▶ _WHAT YOU ARE ASKED TO DO_:
Nothing but the records beneath, reproduced exactly, should appear in the answer.
((
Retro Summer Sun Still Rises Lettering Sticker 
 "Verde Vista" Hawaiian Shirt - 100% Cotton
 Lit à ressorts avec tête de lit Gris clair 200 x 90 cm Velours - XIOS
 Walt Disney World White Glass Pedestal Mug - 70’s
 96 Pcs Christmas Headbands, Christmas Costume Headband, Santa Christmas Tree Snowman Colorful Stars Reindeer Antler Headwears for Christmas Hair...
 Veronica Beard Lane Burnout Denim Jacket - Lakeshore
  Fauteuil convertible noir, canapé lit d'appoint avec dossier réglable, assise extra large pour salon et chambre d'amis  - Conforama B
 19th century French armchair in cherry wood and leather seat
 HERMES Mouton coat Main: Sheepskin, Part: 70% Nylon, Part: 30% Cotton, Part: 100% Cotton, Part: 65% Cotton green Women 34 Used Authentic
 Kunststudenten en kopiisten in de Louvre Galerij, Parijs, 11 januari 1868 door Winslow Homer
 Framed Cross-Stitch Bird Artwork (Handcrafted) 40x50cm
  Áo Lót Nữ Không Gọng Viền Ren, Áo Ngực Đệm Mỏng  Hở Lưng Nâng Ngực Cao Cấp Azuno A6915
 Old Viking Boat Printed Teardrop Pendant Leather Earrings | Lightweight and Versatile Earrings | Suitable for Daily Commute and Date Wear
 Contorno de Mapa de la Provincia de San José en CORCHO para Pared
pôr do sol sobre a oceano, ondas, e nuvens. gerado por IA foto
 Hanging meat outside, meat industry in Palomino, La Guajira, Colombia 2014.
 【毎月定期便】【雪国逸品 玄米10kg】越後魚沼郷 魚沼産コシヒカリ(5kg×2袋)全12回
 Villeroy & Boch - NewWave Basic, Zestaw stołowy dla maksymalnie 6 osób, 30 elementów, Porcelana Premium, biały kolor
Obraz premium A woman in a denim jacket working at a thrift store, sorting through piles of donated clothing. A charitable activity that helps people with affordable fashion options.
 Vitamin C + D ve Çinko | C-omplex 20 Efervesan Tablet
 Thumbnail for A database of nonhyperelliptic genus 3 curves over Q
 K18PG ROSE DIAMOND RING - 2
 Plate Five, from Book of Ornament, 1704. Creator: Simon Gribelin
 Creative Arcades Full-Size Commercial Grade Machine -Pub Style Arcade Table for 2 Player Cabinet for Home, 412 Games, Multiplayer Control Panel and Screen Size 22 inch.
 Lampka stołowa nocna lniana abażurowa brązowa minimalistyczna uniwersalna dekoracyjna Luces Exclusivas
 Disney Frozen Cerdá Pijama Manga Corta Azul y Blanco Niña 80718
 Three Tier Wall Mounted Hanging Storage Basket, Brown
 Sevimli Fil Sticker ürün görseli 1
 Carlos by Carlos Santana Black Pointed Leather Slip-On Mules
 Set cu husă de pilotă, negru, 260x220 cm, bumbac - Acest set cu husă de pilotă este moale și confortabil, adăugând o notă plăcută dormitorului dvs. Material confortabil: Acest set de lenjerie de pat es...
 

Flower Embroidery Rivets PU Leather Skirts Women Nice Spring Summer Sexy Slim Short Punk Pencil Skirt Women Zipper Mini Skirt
))
▶ _ANSWER TO THIS PROBLEM_:
Retro Summer Sun Still Rises Lettering Sticker 
 "Verde Vista" Hawaiian Shirt - 100% Cotton
 Lit à ressorts avec tête de lit Gris clair 200 x 90 cm Velours - XIOS
 Walt Disney World White Glass Pedestal Mug - 70’s
 96 Pcs Christmas Headbands, Christmas Costume Headband, Santa Christmas Tree Snowman Colorful Stars Reindeer Antler Headwears for Christmas Hair...
 Veronica Beard Lane Burnout Denim Jacket - Lakeshore
  Fauteuil convertible noir, canapé lit d'appoint avec dossier réglable, assise extra large pour salon et chambre d'amis  - Conforama B
 19th century French armchair in cherry wood and leather seat
 HERMES Mouton coat Main: Sheepskin, Part: 70% Nylon, Part: 30% Cotton, Part: 100% Cotton, Part: 65% Cotton green Women 34 Used Authentic
 Kunststudenten en kopiisten in de Louvre Galerij, Parijs, 11 januari 1868 door Winslow Homer
 Framed Cross-Stitch Bird Artwork (Handcrafted) 40x50cm
  Áo Lót Nữ Không Gọng Viền Ren, Áo Ngực Đệm Mỏng  Hở Lưng Nâng Ngực Cao Cấp Azuno A6915
 Old Viking Boat Printed Teardrop Pendant Leather Earrings | Lightweight and Versatile Earrings | Suitable for Daily Commute and Date Wear
 Contorno de Mapa de la Provincia de San José en CORCHO para Pared
pôr do sol sobre a oceano, ondas, e nuvens. gerado por IA foto
 Hanging meat outside, meat industry in Palomino, La Guajira, Colombia 2014.
 【毎月定期便】【雪国逸品 玄米10kg】越後魚沼郷 魚沼産コシヒカリ(5kg×2袋)全12回
 Villeroy & Boch - NewWave Basic, Zestaw stołowy dla maksymalnie 6 osób, 30 elementów, Porcelana Premium, biały kolor
Obraz premium A woman in a denim jacket working at a thrift store, sorting through piles of donated clothing. A charitable activity that helps people with affordable fashion options.
 Vitamin C + D ve Çinko | C-omplex 20 Efervesan Tablet
 Thumbnail for A database of nonhyperelliptic genus 3 curves over Q
 K18PG ROSE DIAMOND RING - 2
 Plate Five, from Book of Ornament, 1704. Creator: Simon Gribelin
 Creative Arcades Full-Size Commercial Grade Machine -Pub Style Arcade Table for 2 Player Cabinet for Home, 412 Games, Multiplayer Control Panel and Screen Size 22 inch.
 Lampka stołowa nocna lniana abażurowa brązowa minimalistyczna uniwersalna dekoracyjna Luces Exclusivas
 Disney Frozen Cerdá Pijama Manga Corta Azul y Blanco Niña 80718
 Three Tier Wall Mounted Hanging Storage Basket, Brown
 Sevimli Fil Sticker ürün görseli 1
 Carlos by Carlos Santana Black Pointed Leather Slip-On Mules
 Set cu husă de pilotă, negru, 260x220 cm, bumbac - Acest set cu husă de pilotă este moale și confortabil, adăugând o notă plăcută dormitorului dvs. Material confortabil: Acest set de lenjerie de pat es...
 

Flower Embroidery Rivets PU Leather Skirts Women Nice Spring Summer Sexy Slim Short Punk Pencil Skirt Women Zipper Mini Skirt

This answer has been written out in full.